Ein Fachwerkhaus aus dem Jahr 1700, lange Zeit Sitz der Schultheißen von Öschingen auf der Schwäbischen Alb, hat seit 2001 einen neuen Namen: Holzschnittmuseum Klaus Herzer. Das ist ein etwas umständlicher Name, und doch wird er dem gerecht, was den Besucher in diesem ehrwürdigen Gebäude empfängt: ein Museum, das dem Holzschnitt gewidmet ist, und zugleich ein Museum, in dessen Zentrum das Lebenswerk des 1932 geborenen Druckgraphikers steht.
Zeichen VI 1972
Eine Besonderheit des Museums ist eine große Druckpresse, es war die Handpresse von Herzers berühmtem Kollegen HAP Grieshaber. Das könnte auf ein Lehrer-Schüler-Verhältnis deuten, und Herzer hatte den eine Generation älteren Künstler auch kennengelernt. Aber von Anfang an beschritt Herzer eigene Wege. Hatte Grieshaber sich fast durchweg der figürlichen Darstellung verschrieben und Holzschnitte mit hoher Symbolkraft geschaffen, so zeigen bereits die frühen Arbeiten im Treppenhaus des Museums, dass Herzer seine Holzschnitte eher konstruktivistisch komponiert. Sie bestehen aus abstrakten Farbflächen, meist versetzt übereinander gedruckt. Solche Gebilde können den Betrachter zwar an Vegetatives erinnern, etwa an Bäume, doch sind sie derart verknappt dargestellt, dass sie eher den Eindruck einer abstrakten Komposition erwecken. Diesem Prinzip blieb Herzer auch treu, als er nach Öschingen zog und die Alb lieben lernte.
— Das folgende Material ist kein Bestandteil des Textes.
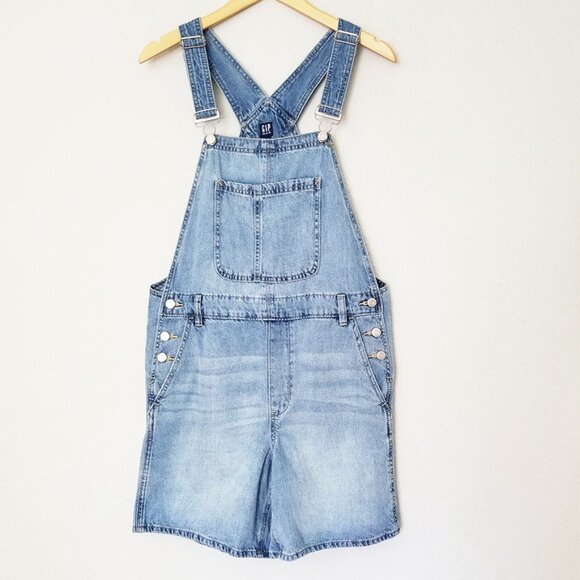 GAP Light Blue Jean Shorts Overalls - Picture 7 of 16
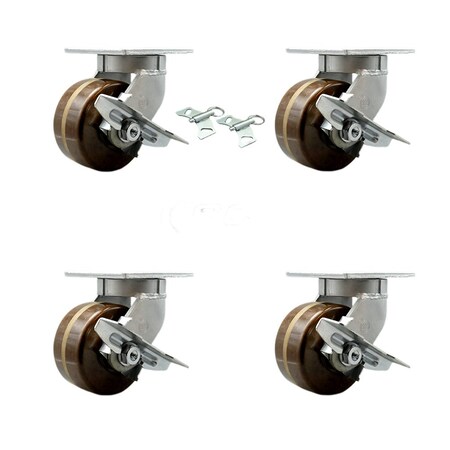 Service Caster 6'' Heavy Duty High Temp Phenolic Caster Set 4 Brakes 2 Swivel Locks, 4PK CRAN-KP92S630-PHRHT-SLB-BSL-2-SLB-2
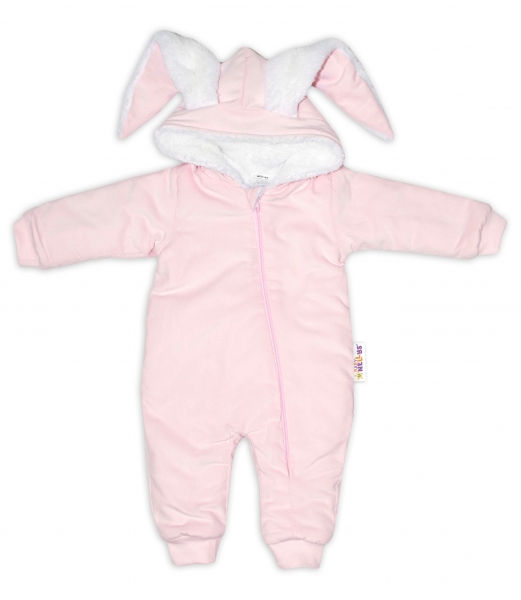 Baby Nellys Manšestrová kombinézka/overálek s kožíškem Cute Bunny - růžová, vel. 68/74, Velikost: 68-74 (6-9m)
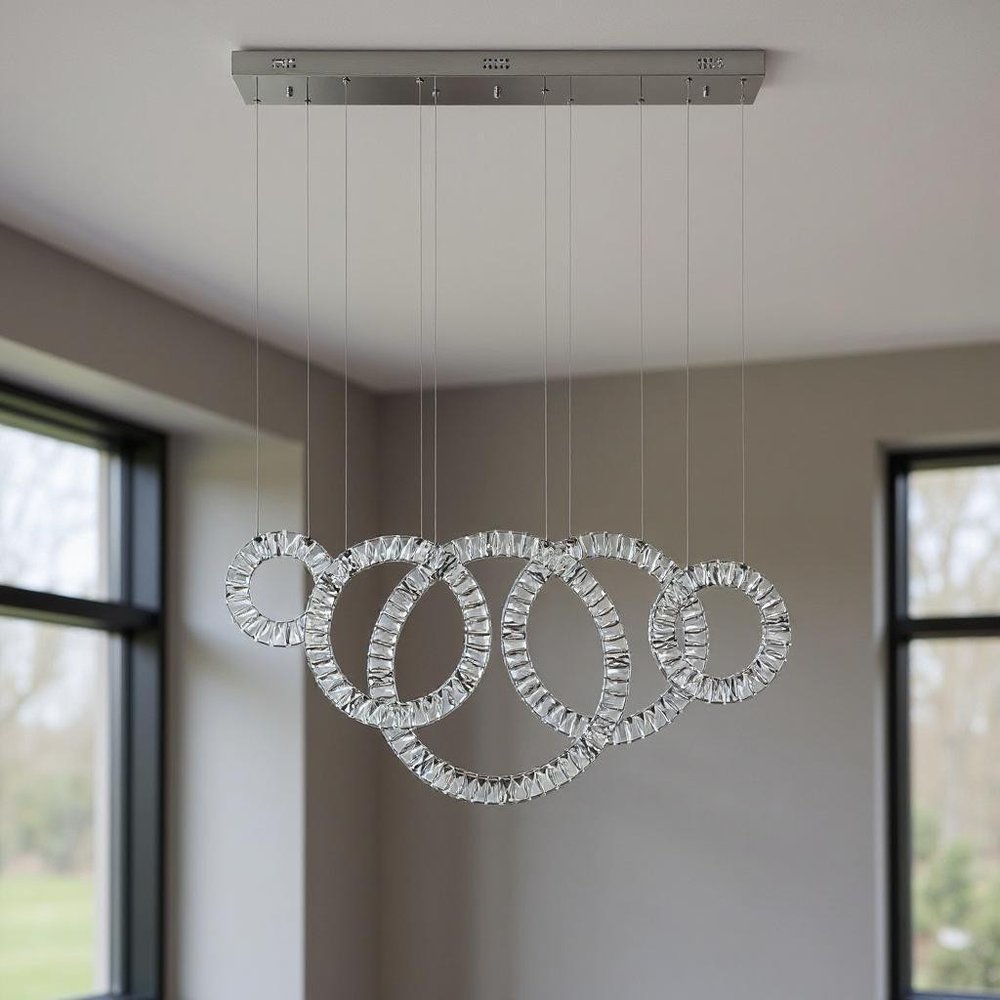 Silver And Clear Geometric Five Light Crystal LED Dimmable Chandelier HomeRoots
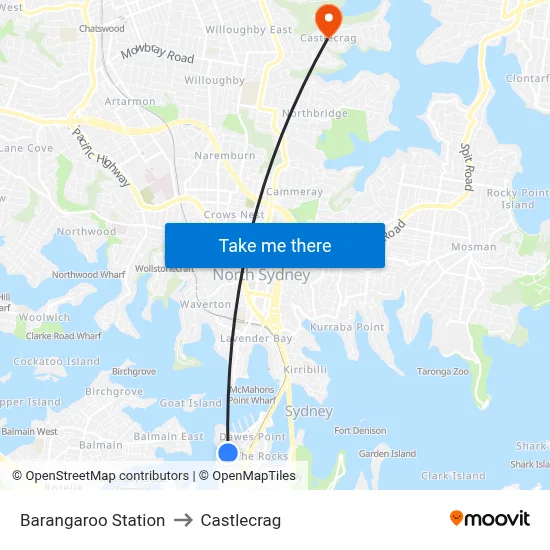 Barangaroo Station to Castlecrag map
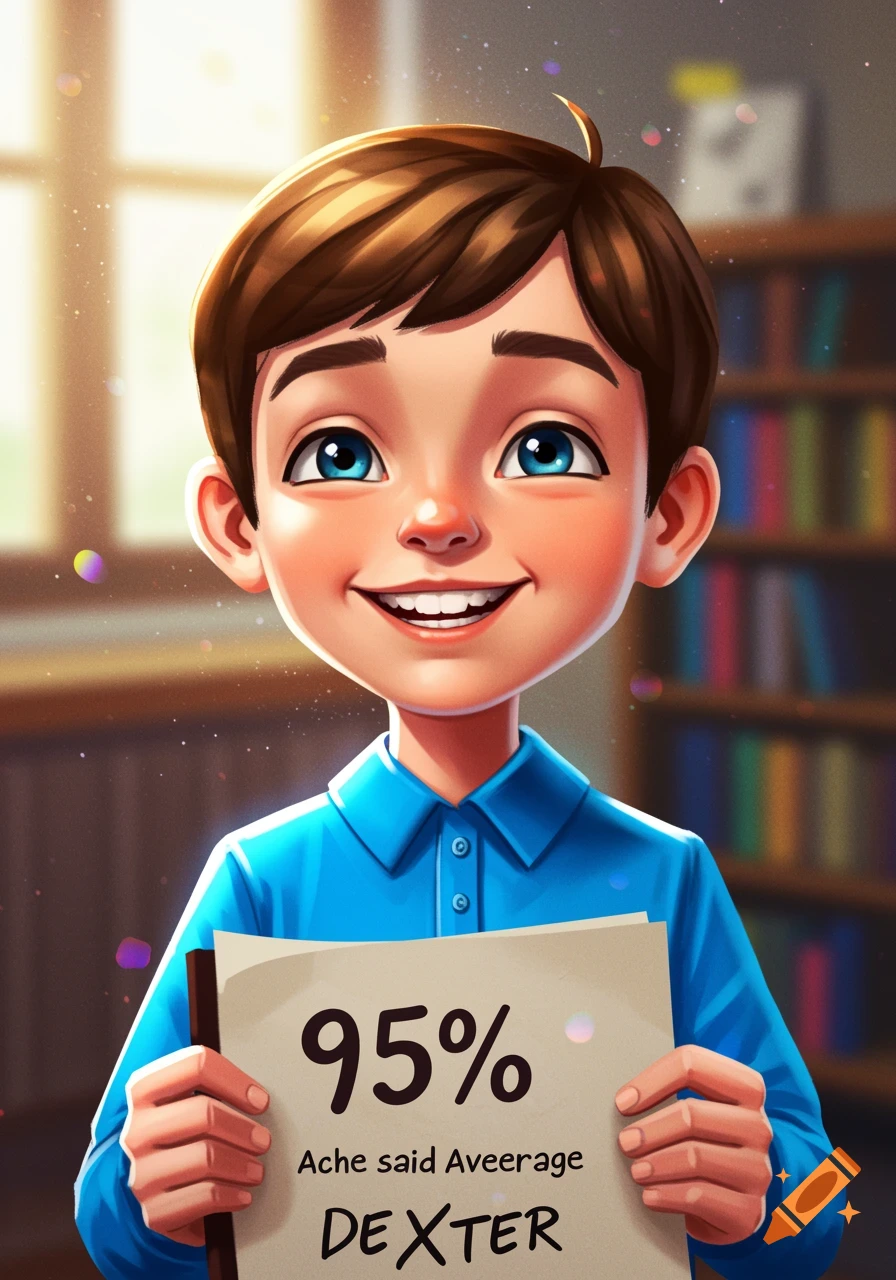 Illustration of a boy holding a paper with '95%' and 'DEXTER' on it in a library.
Sein 2001 gegründetes Museum ist aber mehr als ein Präsentationsraum seines Lebenswerks. Im oberen Stockwerk ist es dem Holzschnitt im 20. Jahrhundert gewidmet – Rössing, Förch, Kliemann, Jansen. Und das Museum führt dem Besucher plastisch vor, wie ein Holzschnitt entsteht. Zu sehen sind die verschiedenen Messer, mit denen man die Holzplatten bearbeitet, es finden sich die Materialien, die man zur Herstellung der Farbe benötigt, eine Einführung in die verschiedenen Druckformen – vom Weißliniendruck bis zum mehrfarbigen Irisdruck.
Und da ist man wieder beim Schaffen von Herzer selbst, denn er begnügte sich nicht damit, Hölzer mit eigenem Charakter zu entdecken, Hölzer, deren Maserung und Astlöcher eine Geschichte des Baums aufweisen. Herzer interessiert sich nicht so sehr für den Schnitt in das Holz, für ihn liegt das Faszinosum dieser Kunstform im Drucken. Grundsätzlich trägt er die Farbe von Hand auf, das ermöglicht ihm die unterschiedlichsten Experimente – mit der Viskosität der Farbe, der Art der Papiere.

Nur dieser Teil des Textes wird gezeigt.